输入：样本集 $D = \{x_1, \cdots, x_m\}$ 高斯混合成分个数 $k$
过程：
- 初始化高斯混合分布的模型参数 $\{(a_i, \mu_i, \Sigma_i\mid 1\leq i\leq k \}$
- Repeat:
  - 计算 $x_j$ 由各个混合成分生成的后验概率 $\gamma_{ji} = p_M(z_j=i|x_j)$ (_e_step)
  - 根据后验概率计算新的模型参数。(_m_step)
- Until : 满足停止条件（收敛/max_iter）
Predict 阶段：根据 $\lambda_j = argmax_{i\in {1, 2,\cdots, k}}\gamma_{ji}$ 确定 $x_j$ 的簇标记 $\lambda_j$
输出：簇划分 $C = \{C_1, \cdots, C_k\}$

（二）Sklearn 实现源代码

源代码仓库：https://github.com/scikit-learn/scikit-learn

Sklearn 中的 GMM：sklearn/mixture/_gaussian_mixture.py

Summary

首先说一下为什么想到要写一篇blog 专门分析一下GMM在sklearn中实现的源代码：

首先，我们从上面的GMM模型伪代码中，我们可以看到：模型本身非常简洁清晰。在西瓜书上，非常全面的伪代码一共不超过20行。然而在sklearn中，为了得到更好的效率，以及得到更全面的功能，sklearn实现中一共洋洋洒洒写了400+行（不算注释）Python。可见其做的优化，并不想我们直观从西瓜书上看到的那样简单。

模型主要的优化体现在 precisions matrix 以及 precision matrix 的 cholesky 分解 用法上，主要用于提高西瓜书上 (9.28) 多元高斯分布公式的计算效率。

$p(x) = \frac{1}{(2\pi)^{\frac{n}{2}} |\Sigma|^{\frac{1}{2}}} e^{-\frac{1}{2}(x-\mu)^T\Sigma^{-1}(x-\mu)} \tag{1}$

事实上，$\Sigma$ 表示的是协方差矩阵，是对称正定矩阵, 其可用逆矩阵（precision matrix）等价代换（对称正定矩阵于其逆矩阵是一对一映射关系），使用 precision matrix 可以在 test time 加速计算后验概率 (1) 式。同时，sklearn 中采用了$\log p(x)$ 的方式计算/存储后验概率.
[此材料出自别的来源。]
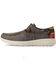 Image #2 - Ariat Men's Heathered Southwestern Print Casual Hilo - Moc Toe, Brown, hi-res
$\log p(x) = -\frac{n}{2} * \log(2\pi) - \frac{1}{2}\log|\Sigma| - \frac{1}{2}(x-\mu)^T\Sigma^{-1}(x-\mu) \tag{2}$

对比这来看sklearn 中计算log的后验函数如下：（我们故意忽略了除了’full’ 以外的方式）

def _estimate_log_gaussian_prob(X, means, precisions_chol, covariance_type):
    """Estimate the log Gaussian probability.

    Parameters
    ----------
    X : array-like, shape (n_samples, n_features)

    means : array-like, shape (n_components, n_features)

    precisions_chol : array-like
        Cholesky decompositions of the precision matrices.
        'full' : shape of (n_components, n_features, n_features)
        'tied' : shape of (n_features, n_features)
        'diag' : shape of (n_components, n_features)
        'spherical' : shape of (n_components,)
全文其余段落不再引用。